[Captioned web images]
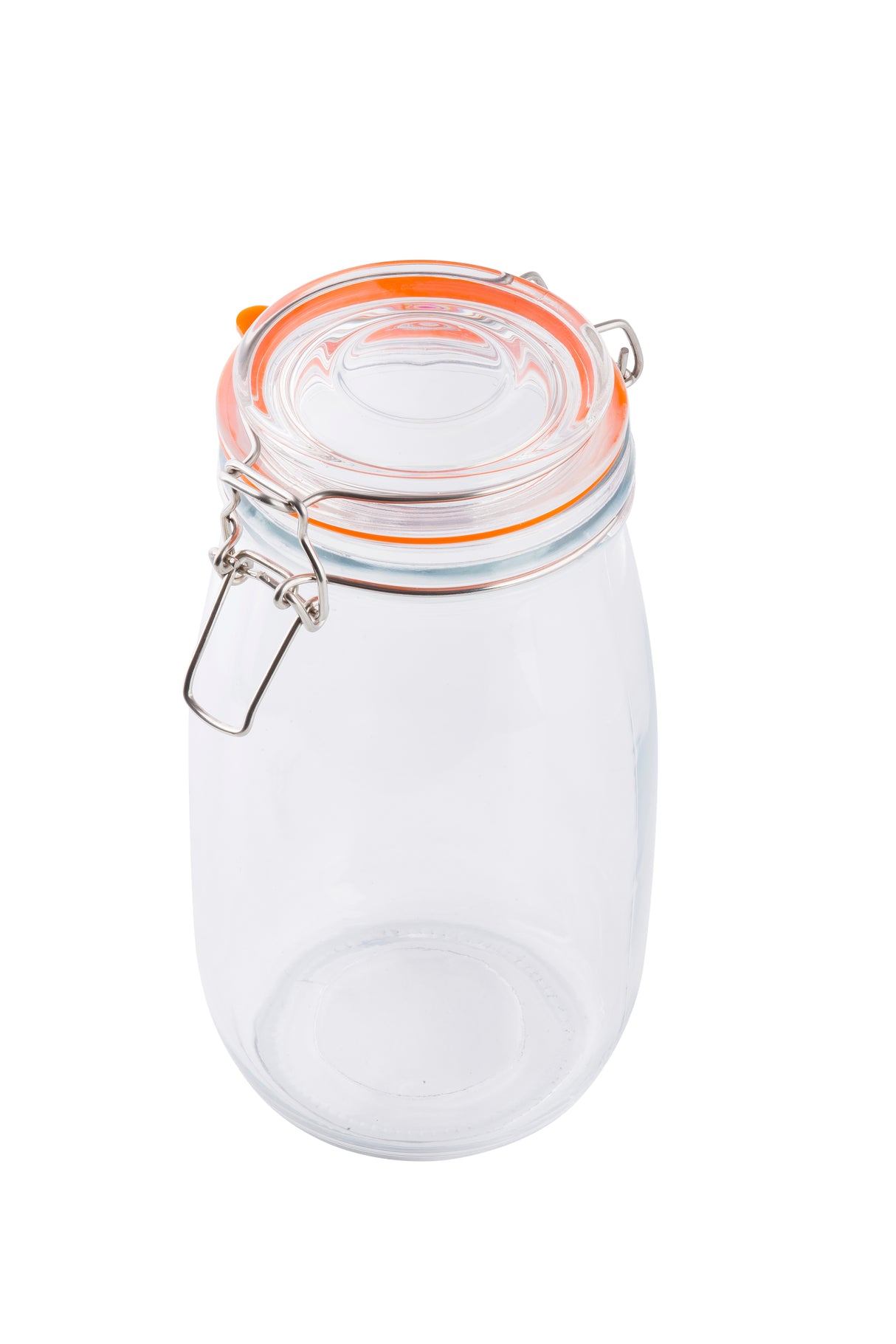 A clear glass canister jar with a hinged, resealable airtight lid featuring an orange rubber seal and metal clasp, shown against a white background.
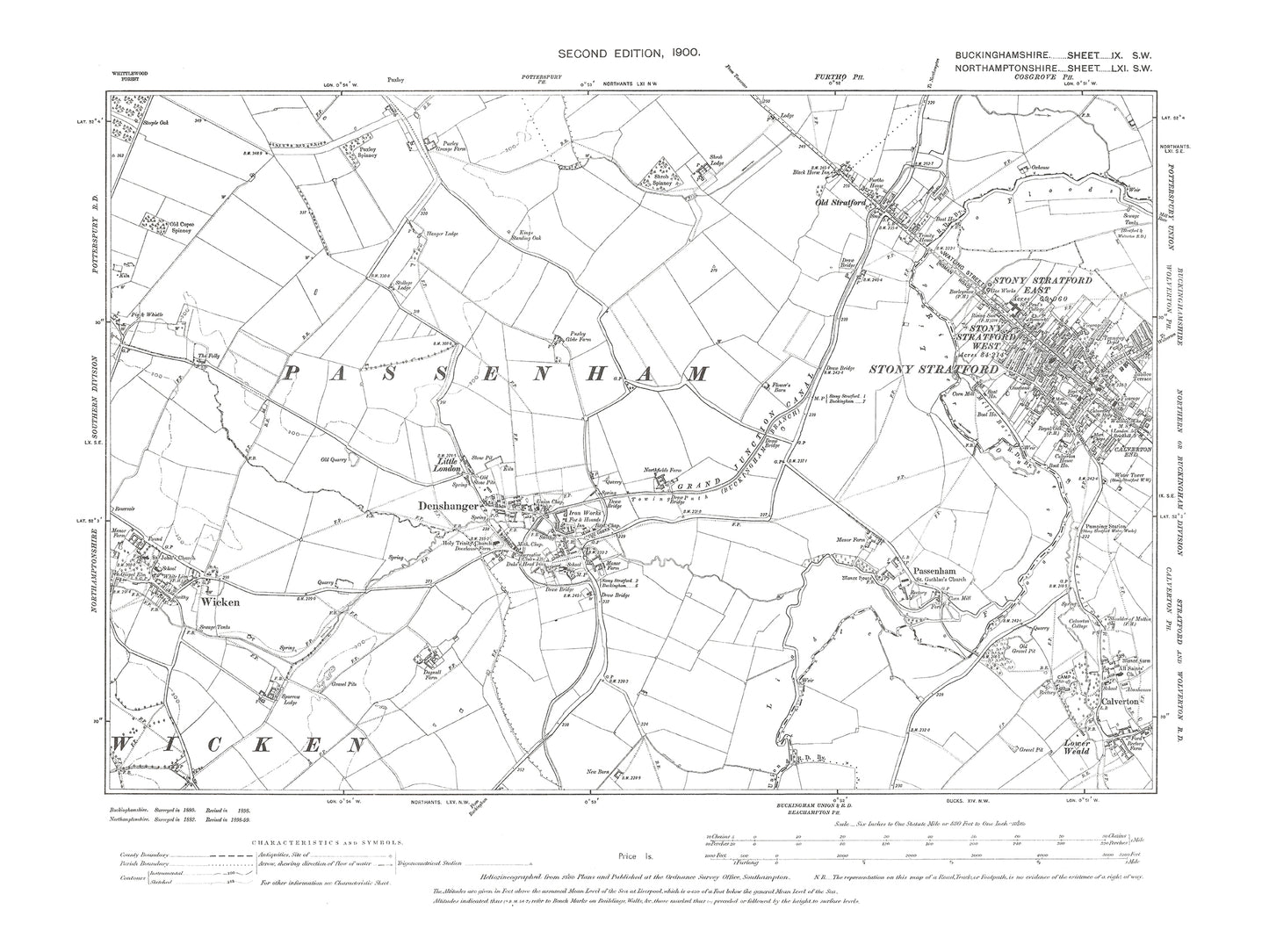 Old OS map dated 1900, showing Denshanger, Wicken, Passenham, Old Stratford in Buckinghamshire 9SW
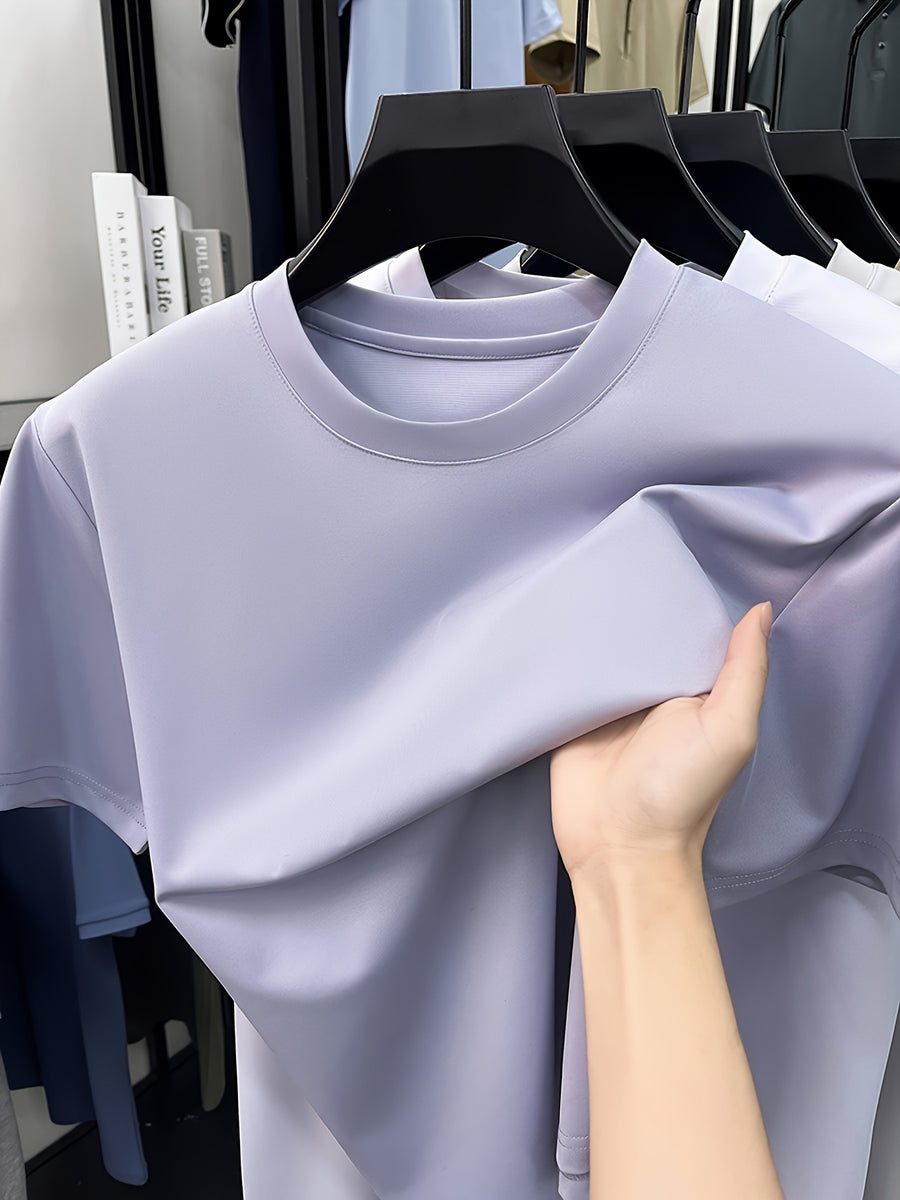 NERPOLO Men's Solid Color Short Sleeve T-Shirt - Round Neck Casual Summer Tee with Suitable for Middle-Aged, Regular Fit Breathable Shirt, Hand Washable Solid Color Round Neck Half-Sleeve Blouse for Casual Attire (No Transparency) - Taro Purple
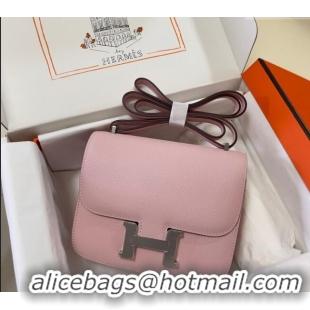 New Cheap Hermes Constance Mini Bag 18cm in Epsom Palm-Grained Leather 8057 3Q Sakura Pink/Silver 2024 (Half Handmade)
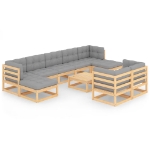 Set Divani da Giardino 10 pz con Cuscini Legno Massello di Pino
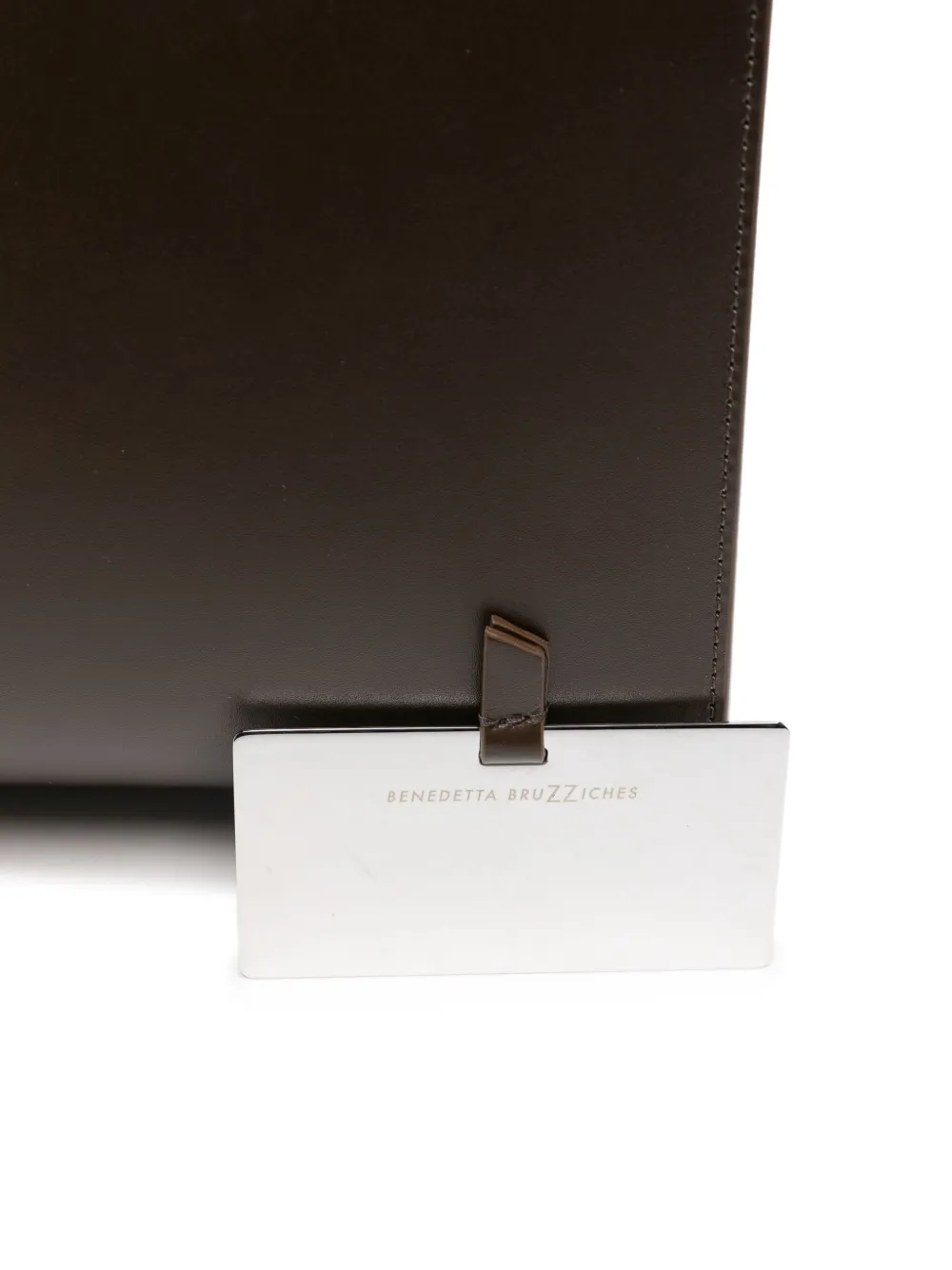 Benedetta Bruzziches Leren schoudertas met gewelfde top Bruin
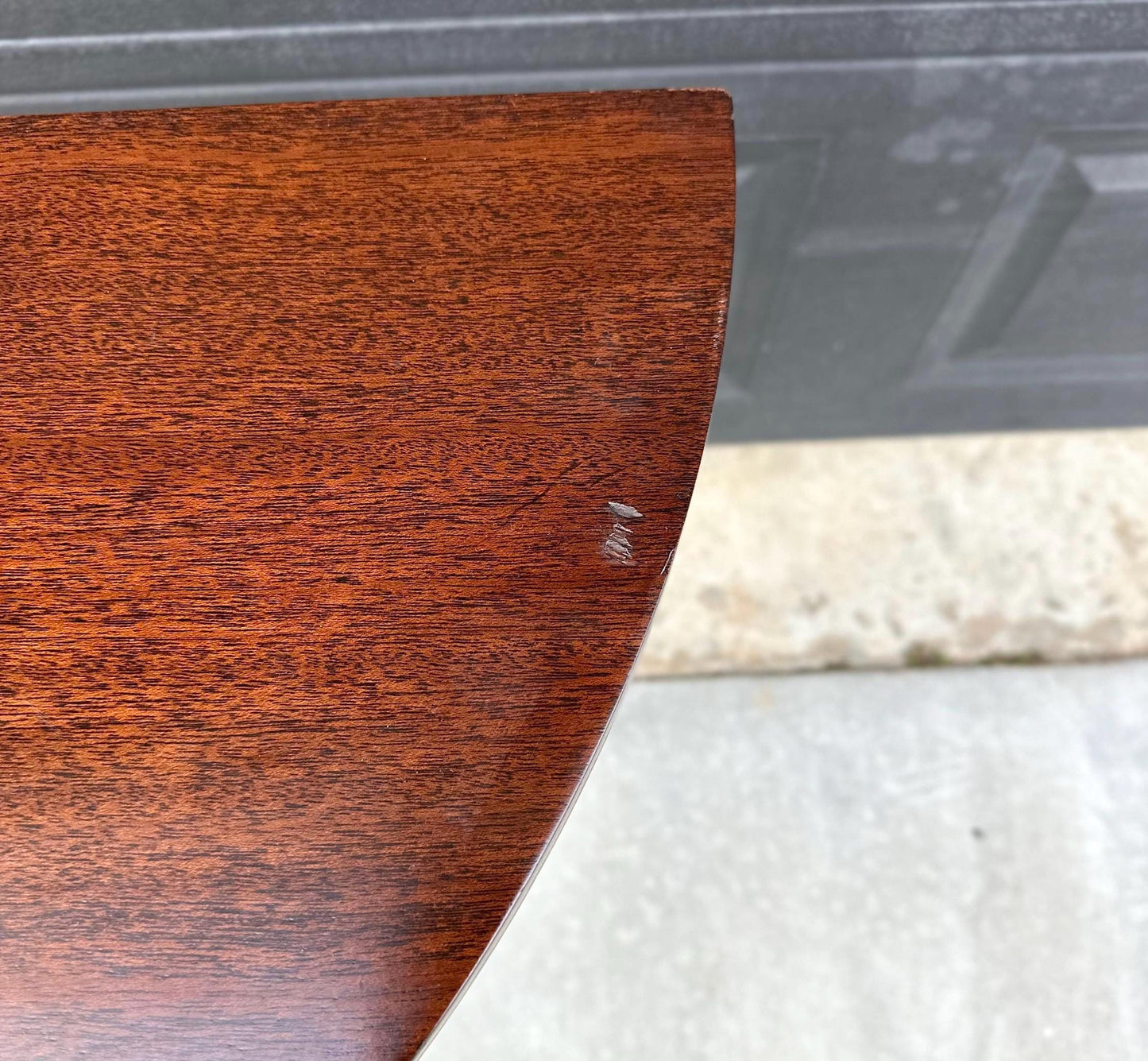Antique Early 1900's Banded Mahogany Sheraton Demi-Lune Half Round Wood Accent Table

#### Exercise aim
The lines from the one containing "Set Divani da" to the last line of the records, both included: print exactly those and nothing else, leaving out any pictures.

#### Task answer
 Set Divani da Giardino 10 pz con Cuscini Legno Massello di Pino
 Benedetta Bruzziches Leren schoudertas met gewelfde top Bruin
Antique Early 1900's Banded Mahogany Sheraton Demi-Lune Half Round Wood Accent Table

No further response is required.